• **YOUR INSTRUCTIONS**
Please print, exactly, only the lines in the entries below from the line that has "ISUZU HiLander 2.5 VGS ปีจด 2016" through the line that has "découvrez l'importance de". Pictures don't go in.
STORED DATA section start
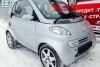smart fortwo Silverstyle 2000.  1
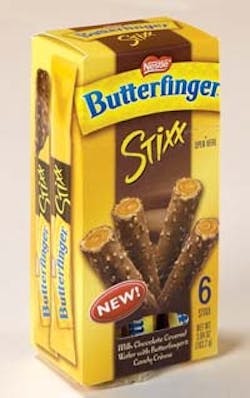 1660255710119 Fbk Butterfinger 1660255710119 Fbk Butterfinger
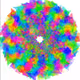 70625349378342581700236190252517197066296599121956394440209575235292007235585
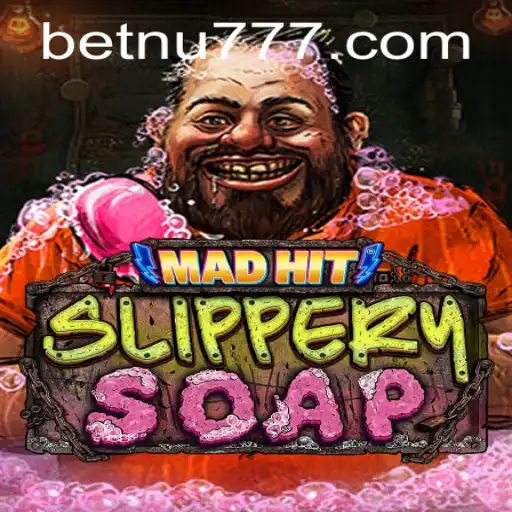 Explorando MadHitSlipperySoap: Aventuras e Regras do Novo Jogo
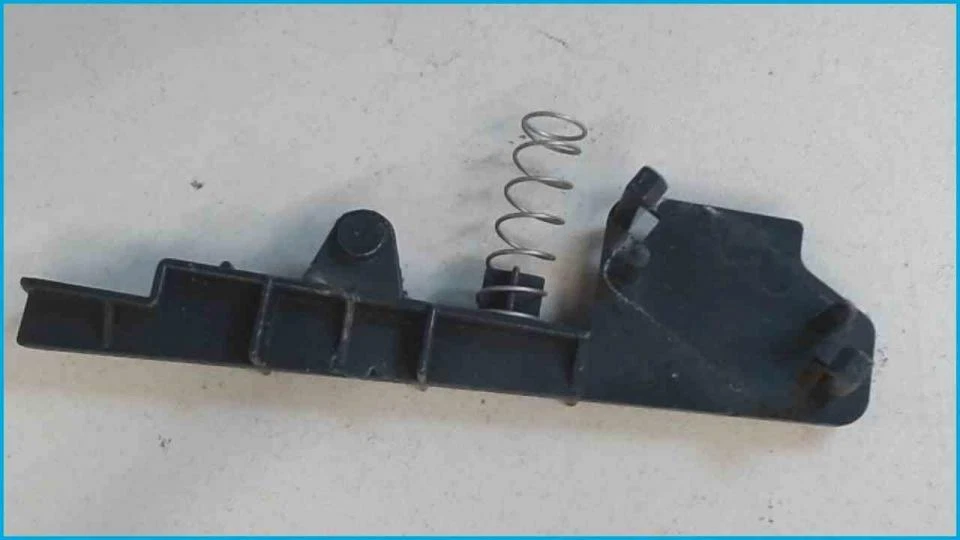 Plastik Gehäuseteil  Saeco Cafe Crema SUP 018CR - Bild 1 von 1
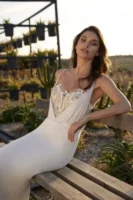 Robe Genoa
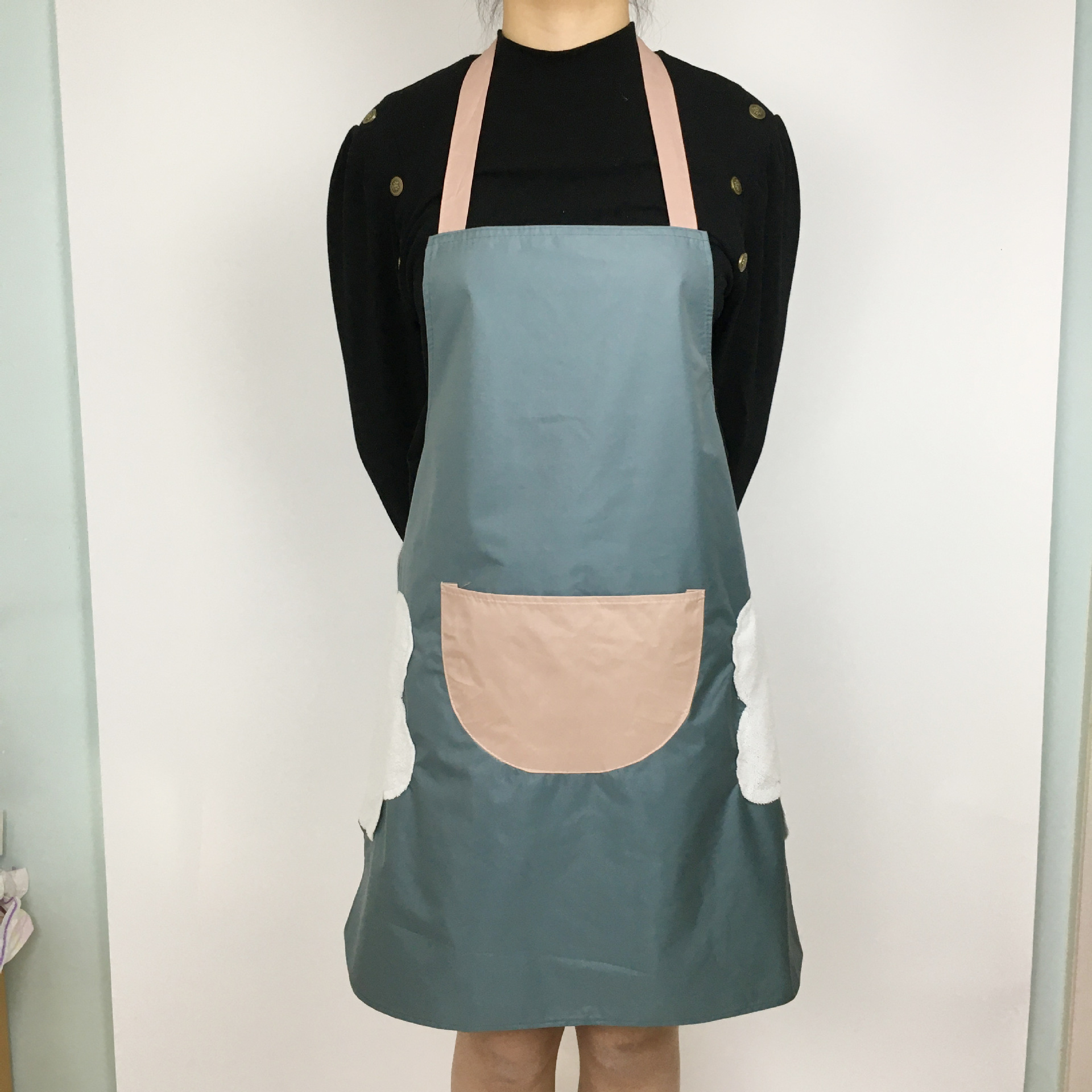 微信图片_20241124104900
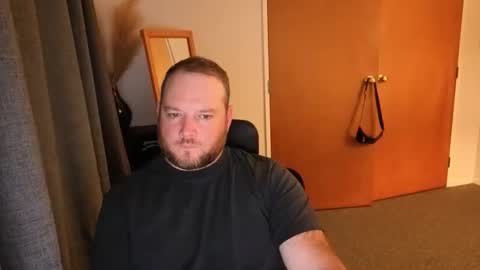 Snapshot of john_bear1 chatting on April 2026 05:51:02 AM john_bear1 online show from April 2026 05:51:02 AM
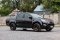 ISUZU HiLander 2.5 VGS ปีจด 2016
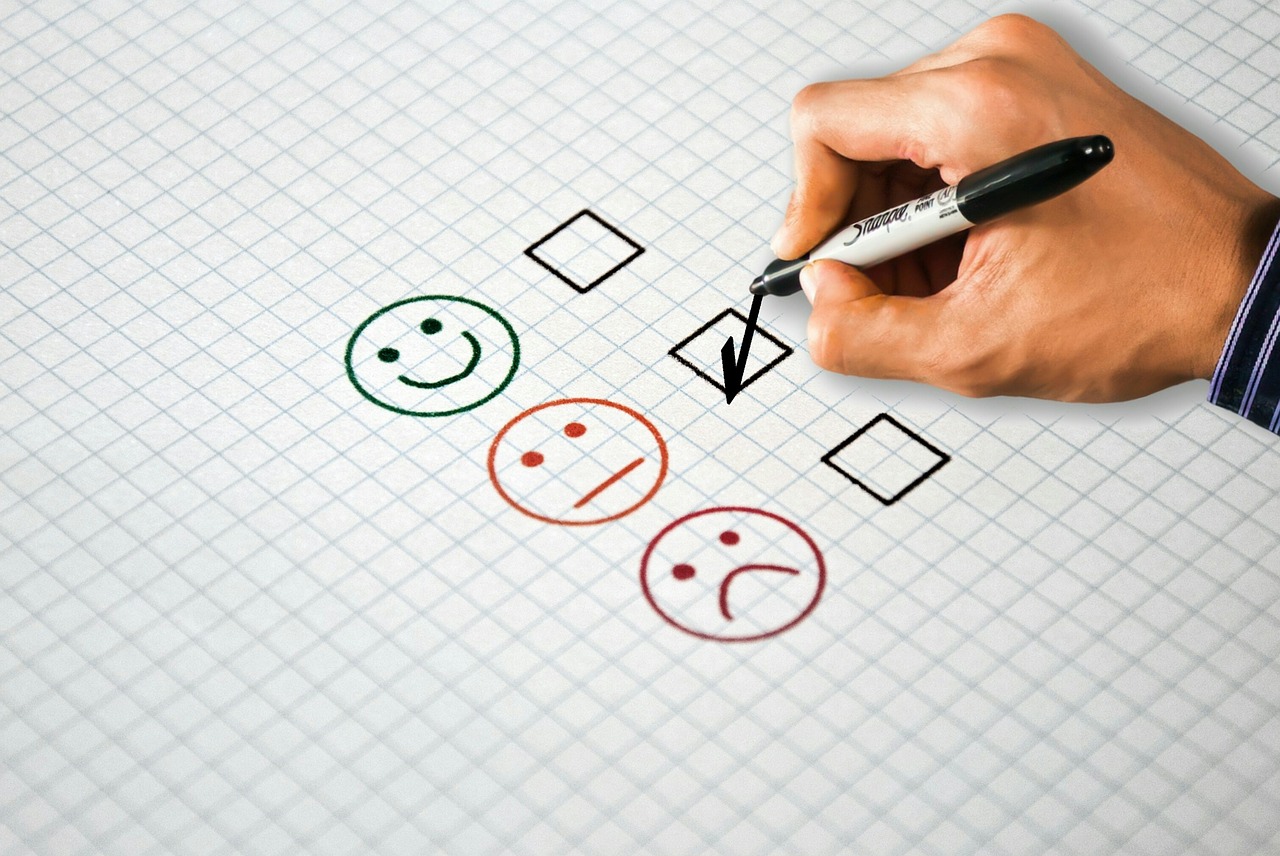 découvrez l'importance de l'expérience client et comment elle peut transformer votre entreprise. apprenez des stratégies efficaces pour améliorer la satisfaction client et fidéliser votre clientèle, tout en optimisant vos services et produits.
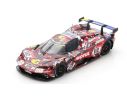 SPARK MODEL SG774 KTM X-BOW GTX N.112 24 H NURBURGRING 2021 TREBING-SCHOLL-SOUCEK-TERTING Modellino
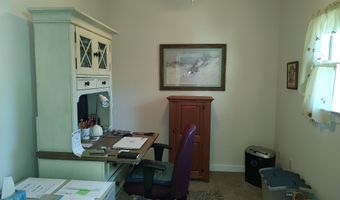 2 CASTLEBERRY Ln, Georgetown, DE 19947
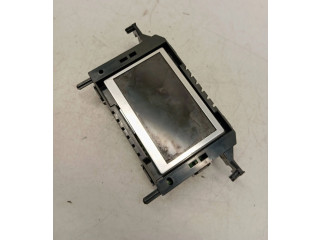 Дисплей AM5T18B955CJ, 0259G Ford Ranger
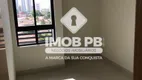 Foto 3 de Apartamento com 3 Quartos para venda ou aluguel, 76m² em Tambauzinho, João Pessoa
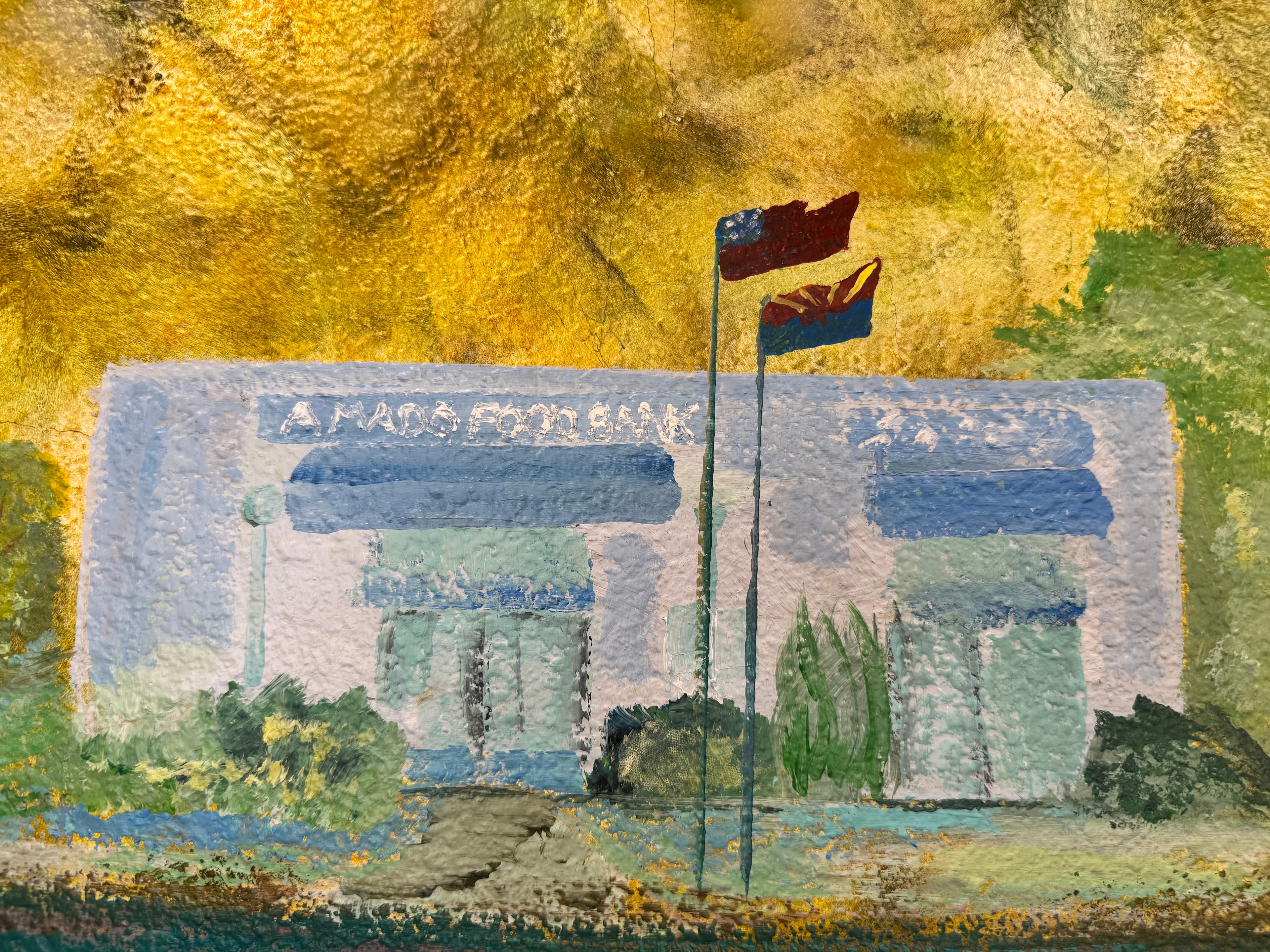 KTE Art gallery image 6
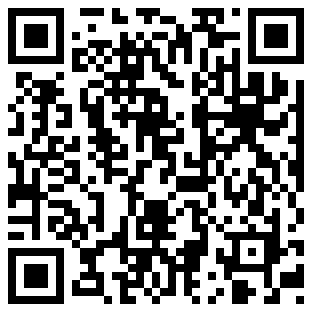 QR code for this page South-bethlehem,Pennsylvania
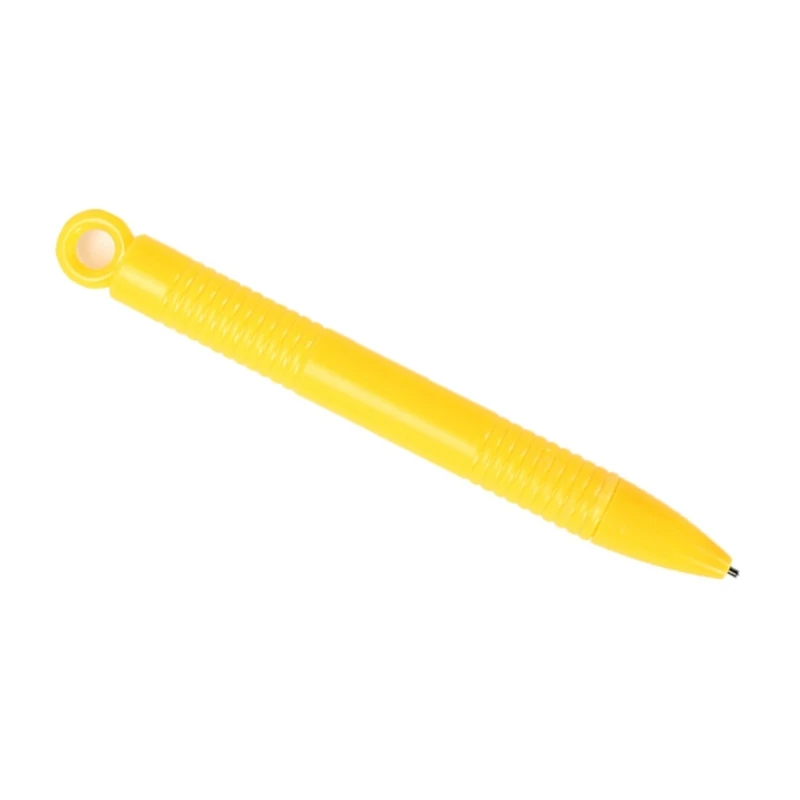 Pen For Cat Eye Gel Polish Art Steel Ball Pen Portable DIY Dotting Tool Manicure Tool Magnetic Nail Art Tools Cat Eye Nail Tool Magnetic Nail Tools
STORED DATA section end
• **RESPONSE TO THE TASK**
 ISUZU HiLander 2.5 VGS ปีจด 2016
 découvrez l'importance de l'expérience client et comment elle peut transformer votre entreprise. apprenez des stratégies efficaces pour améliorer la satisfaction client et fidéliser votre clientèle, tout en optimisant vos services et produits.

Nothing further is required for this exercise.